The government has allocated Sh4.8 billion to fast-track the full transition of the Standard Gauge Railway (SGR) to Kenyan control and lay the foundation for its much-anticipated extension to the Malaba border, in a strategic push to lower costs and enhance regional trade.

According to budget documents tabled in the National Assembly, the funds will support critical infrastructure upgrades that will enable Kenya Railways Corporation (KRC) to take over full operation of the SGR from Chinese firm Afristar by the end of 2025.

A major portion of the funds—Sh2.31 billion—has been earmarked for the establishment of a locomotive overhaul workshop, a facility that will allow Kenya to maintain its locomotives, carriages, and rolling stock locally, thereby reducing reliance on foreign expertise and cutting maintenance costs.

Another Sh2.2 billion will go toward the procurement of locomotive wheelsets, essential components for ensuring safe and efficient rail transport.
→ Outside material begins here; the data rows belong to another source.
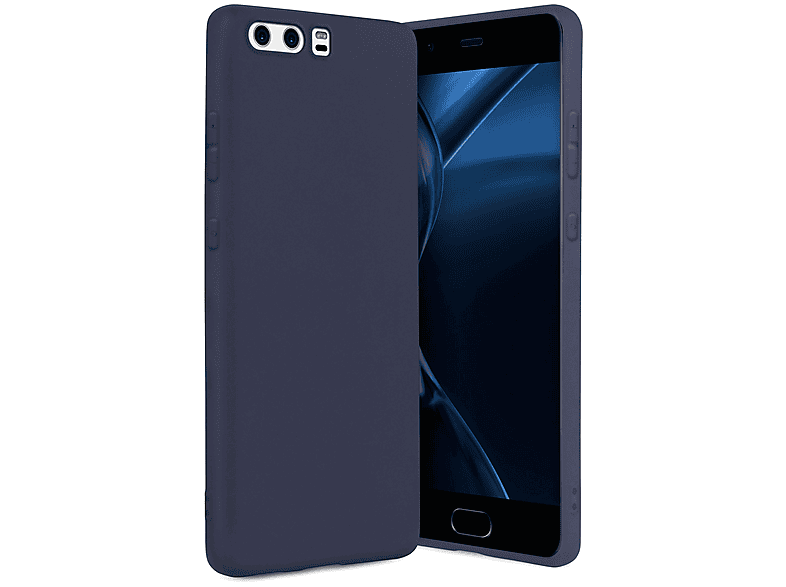 OneFlow Cover SlimShield PRO Per Huawei P10: Custodia Flessibile In Silicone E TPU, Blu. Ultra-sottile, Antiscivolo E Antiurto.
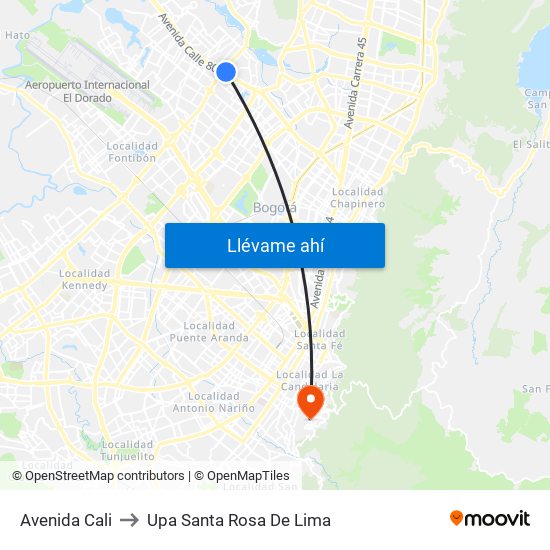 Avenida Cali to Upa Santa Rosa De Lima map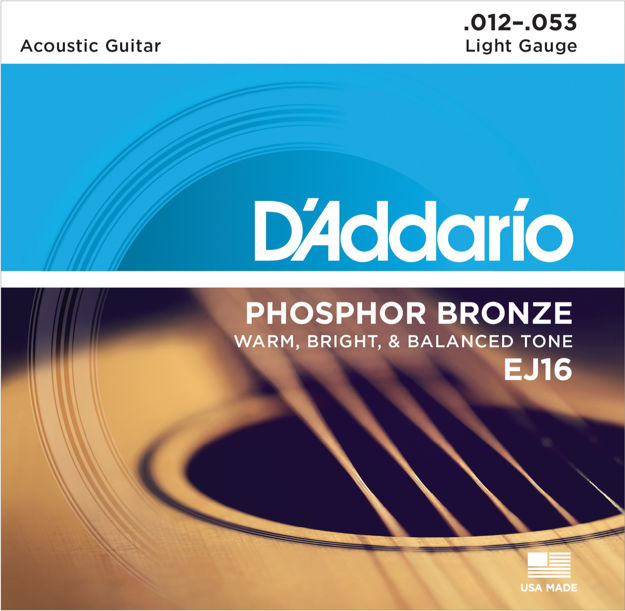 D'Addario EJ16-B25 Phosphor Bronze Acoustic Guitar Strings, Light, 25 Bulk Sets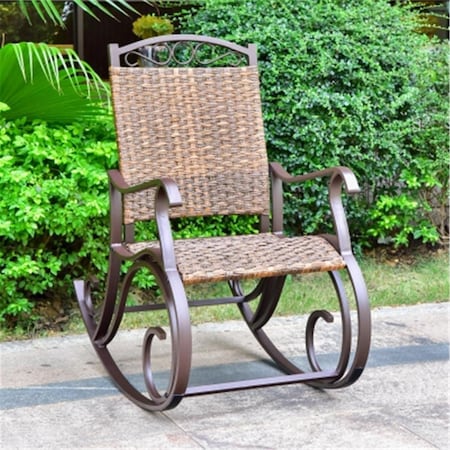 International Caravan Ibiza Resin Pandan Aluminum Rocking Chair, Espresso 4404-RKR-ESP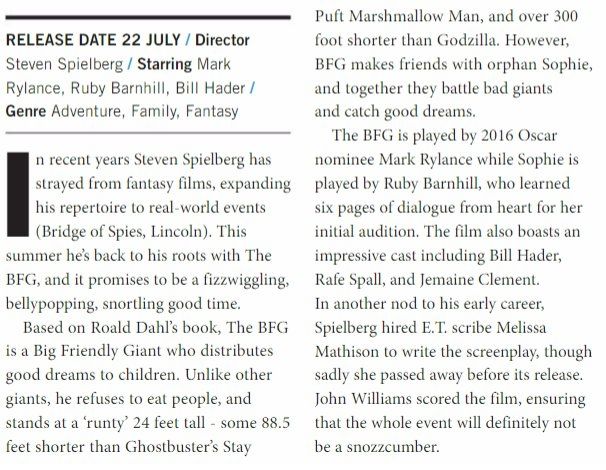 RELEASE DATE 22 JULY / Director

Steven Spielberg / Starring Mark Rylance, Ruby Barnhill, Bill Hader / Genre Adventure, Family, Fantasy

n recent years Steven Spielberg has strayed from fantasy films, expanding his repertoire to real-world events (Bridge of Spies, Lincoln). This summer he's back to his roots with The BFG, and it promises to be a fizzwiggling, bellypopping, snortling good time.

Based on Roald Dahl's book, The BFG is a Big Friendly Giant who distributes good dreams to children. Unlike other giants, he refuses to eat people, and stands at a 'runty' 24 feet tall - some 88.5 feet shorter than Ghostbuster's Stay

Puft Marshmallow Man, and over 300 foot shorter than Godzilla. However, BFG makes friends with orphan Sophie, and together they battle bad giants and catch good dreams.

The BFG is played by 2016 Oscar nominee Mark Rylance while Sophie is played by Ruby Barnhill, who learned six pages of dialogue from heart for her initial audition. The film also boasts an impressive cast including Bill Hader, Rafe Spall, and Jemaine Clement. In another nod to his early career, Spielberg hired E.T. scribe Melissa Mathison to write the screenplay, though sadly she passed away before its release. John Williams scored the film, ensuring that the whole event will definitely not be a snozzcumber.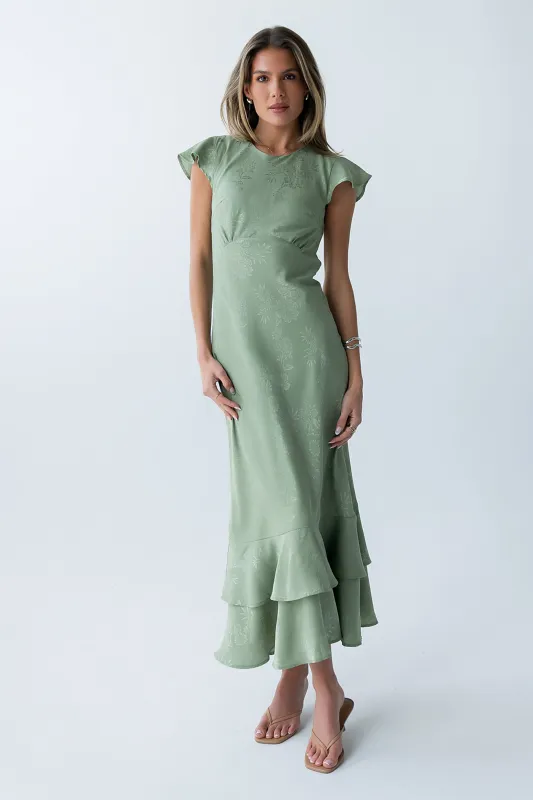 Mateo Floral Maxi Dress in Green made by bohme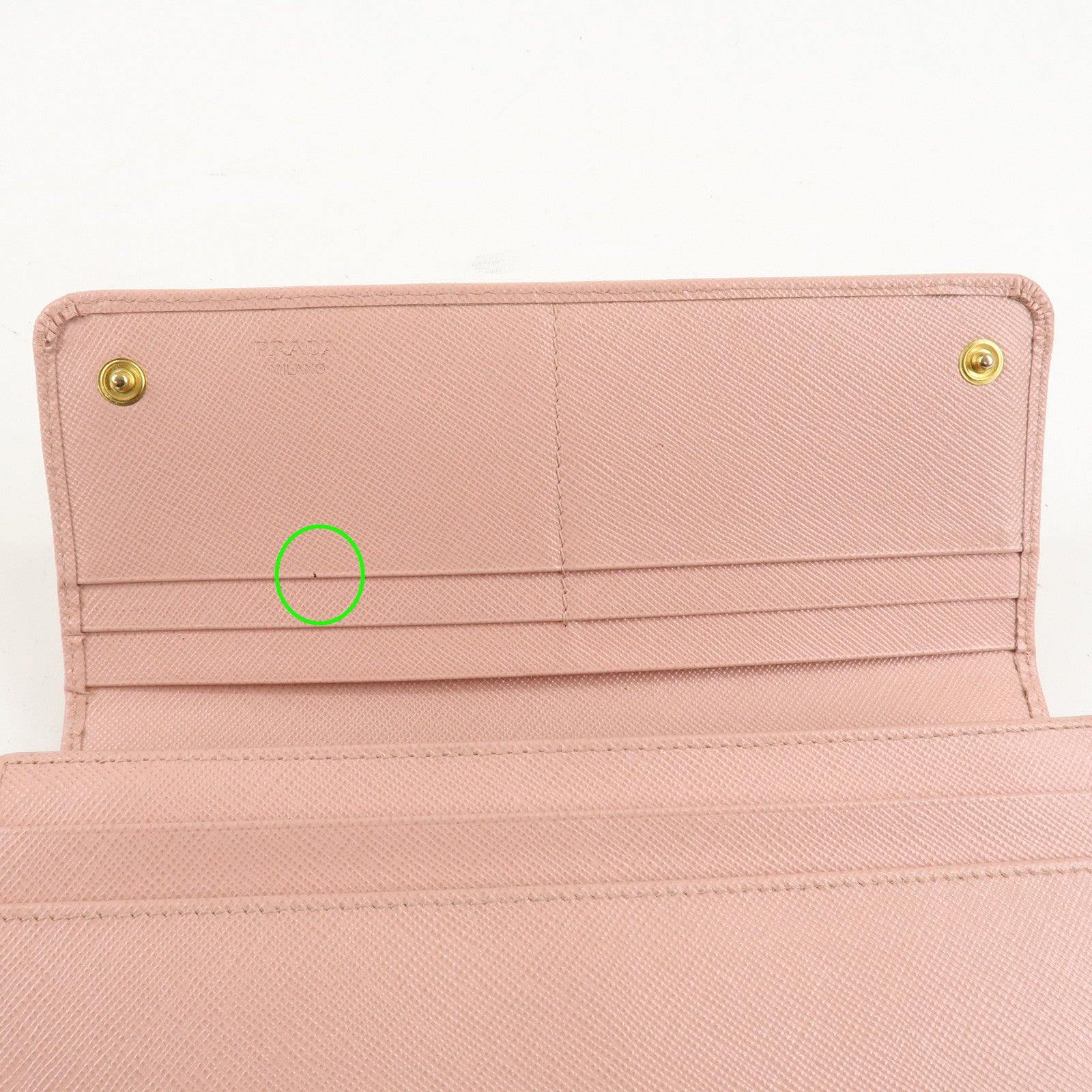 PRADA Set of 2 Saffiano Leather Bi-fold Long Wallet Glower Motif Used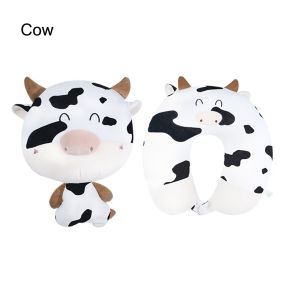 DAWEIF Bedding Healthcare Cartoon Cervical Changable Fluffy Pillows Protection Neck U Shaped Travel Pillow Penguin Whale
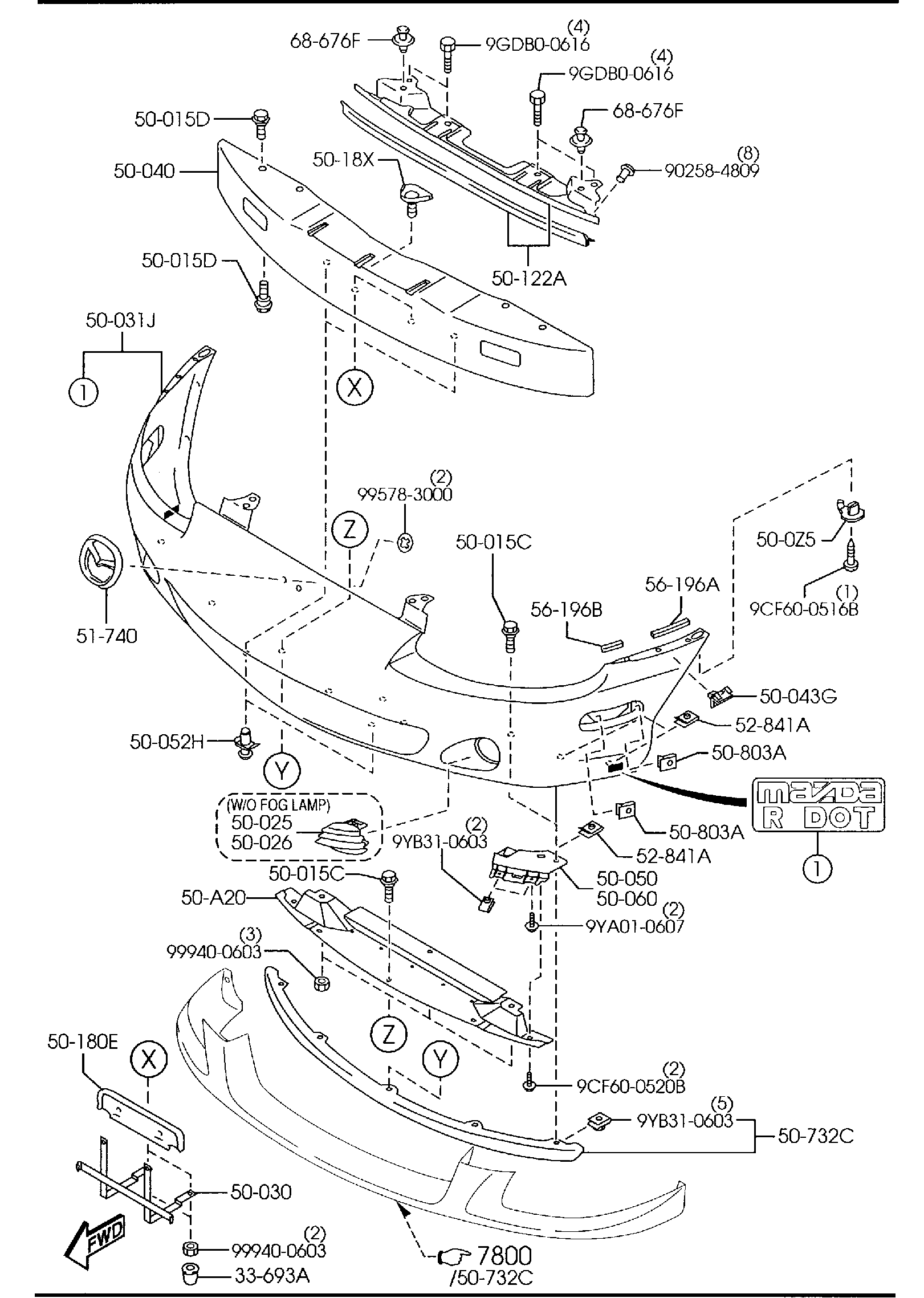 Diagram FRONT BUMPER (W/TURBO) for your 2012 Mazda MX-5 Miata   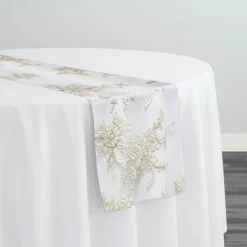 Laylani Lace Table Runner in Ivory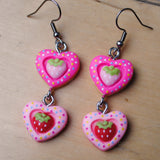 Double Strawberry polka hearts earrings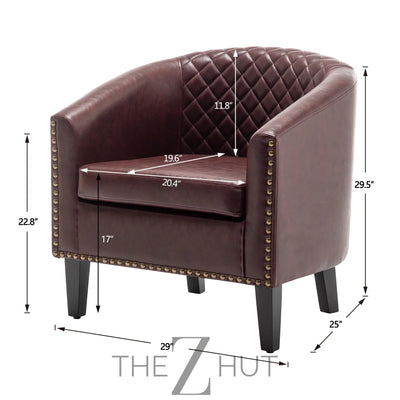 29" W Faux Leather Barrel Chairs Set of 2, Modern PU Upholstered Tufted Club Chairs with Nailhead Trim, Small Armchairs Accent Chairs for Living Room Bedroom Apartment Lounge Nursery, Green THE Z HUT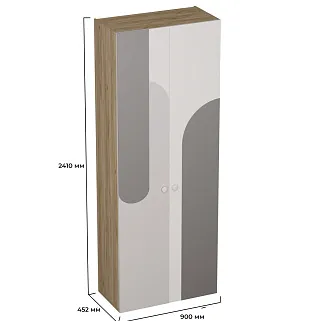 Шкаф двухдверный узкий, фрезерованные фасады в эмали LE210.44-1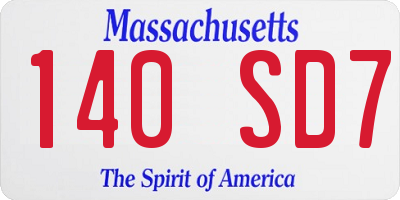 MA license plate 140SD7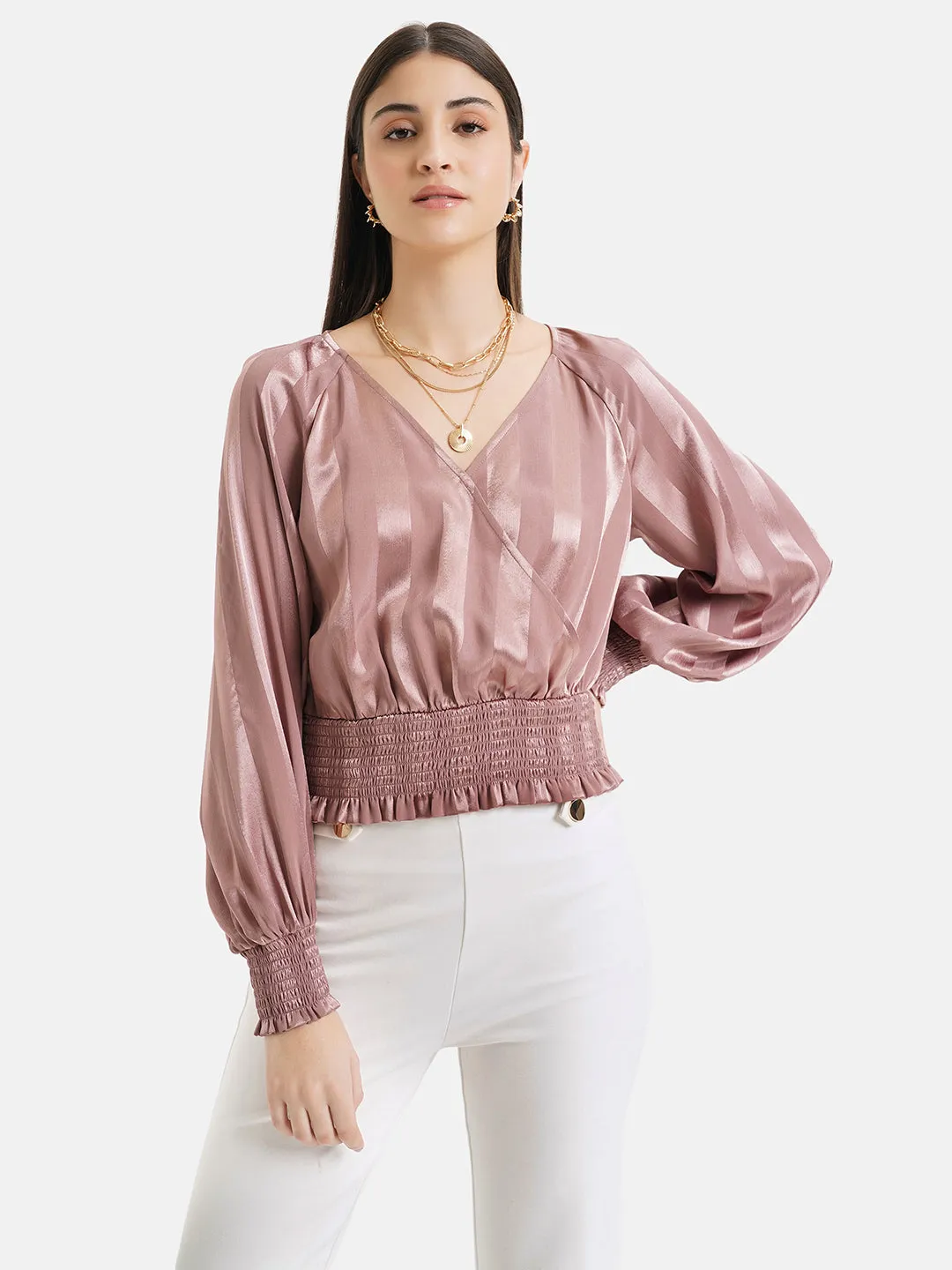 Wrap Top With Smocking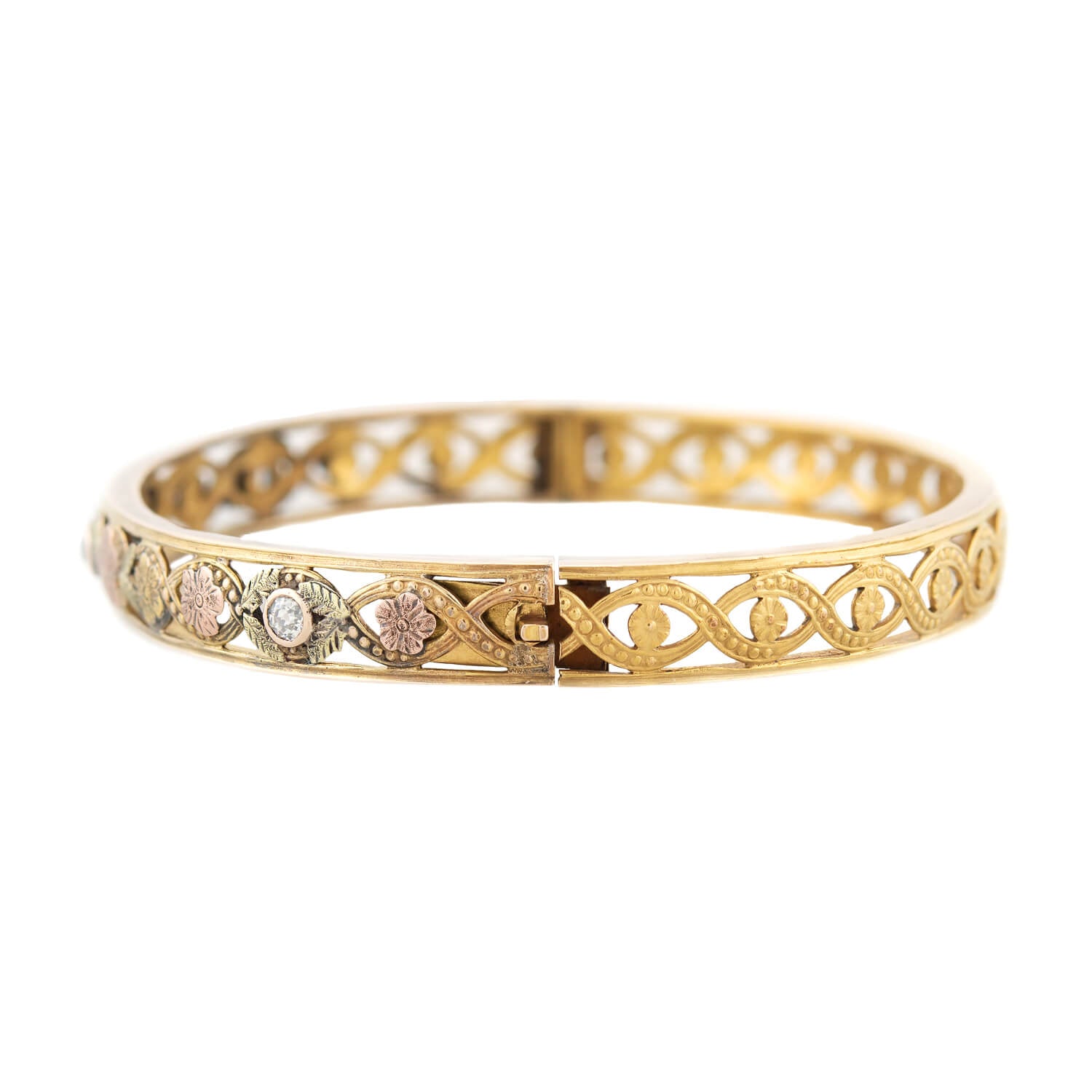 Edwardian 12k Yellow, Rose, and Green Gold Floral Diamond Bangle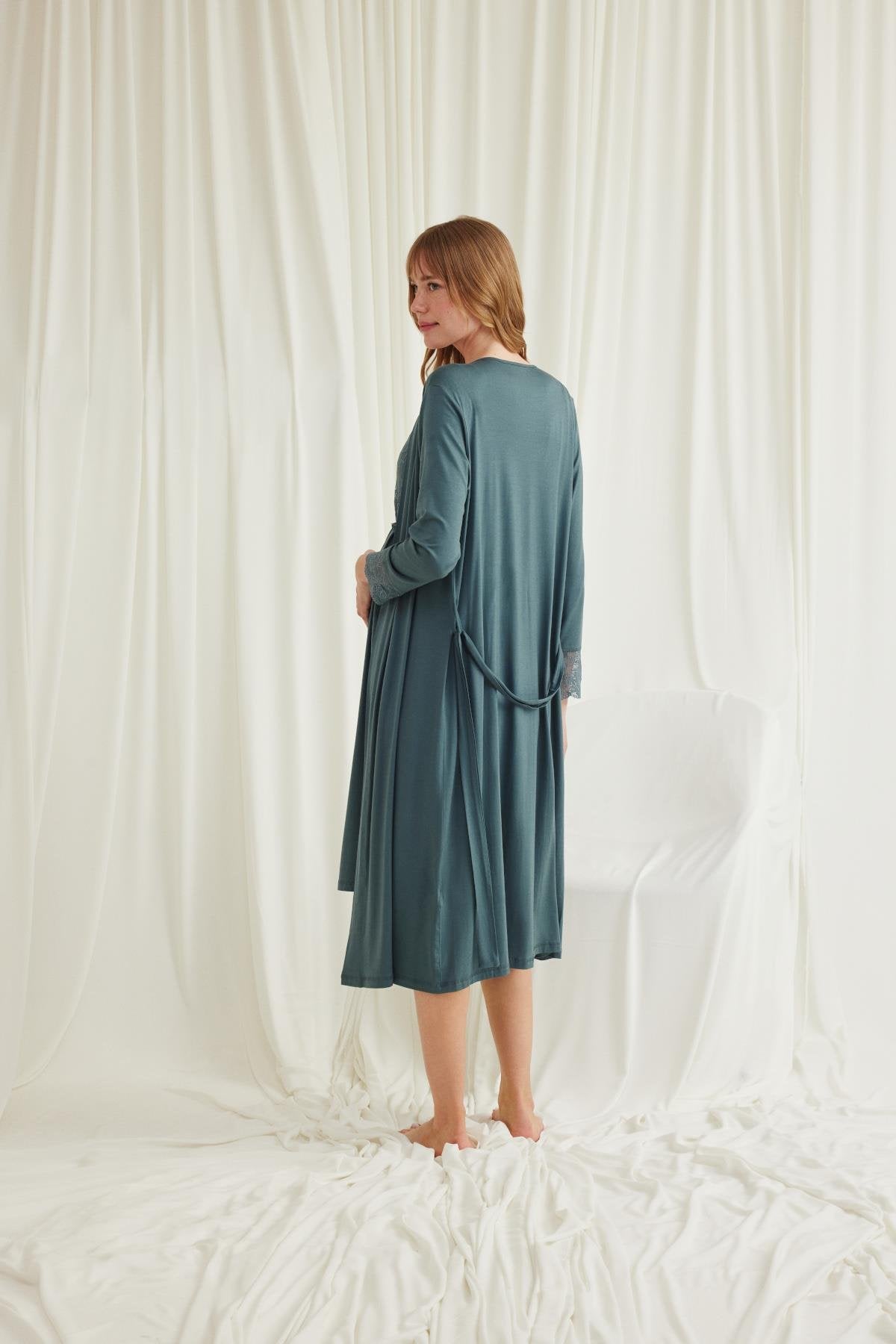 Önden Düğmeli Dantelli Sabahlıklı Lohusa Hamile Gecelik Takımı - 18534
To further localize operations, the government has also set aside Sh300 million to modernize the passenger ticketing system, replacing the current one managed by Afristar since the SGR began operations in 2017.

“These investments will improve reliability and create regional logistics hubs that are essential for Kenya’s position as a transport gateway to East Africa,” said Kenya Railways in a March statement.

The new allocations form part of a broader government strategy to reduce the Sh18 billion annual operational cost of running the SGR under Afristar’s management—a burden that has long drawn criticism over sustainability.

KRC had already assumed control of about 90 percent of SGR operations by mid-2023, but the upcoming upgrades are seen as pivotal in completing the transition and ensuring smoother, more affordable service delivery.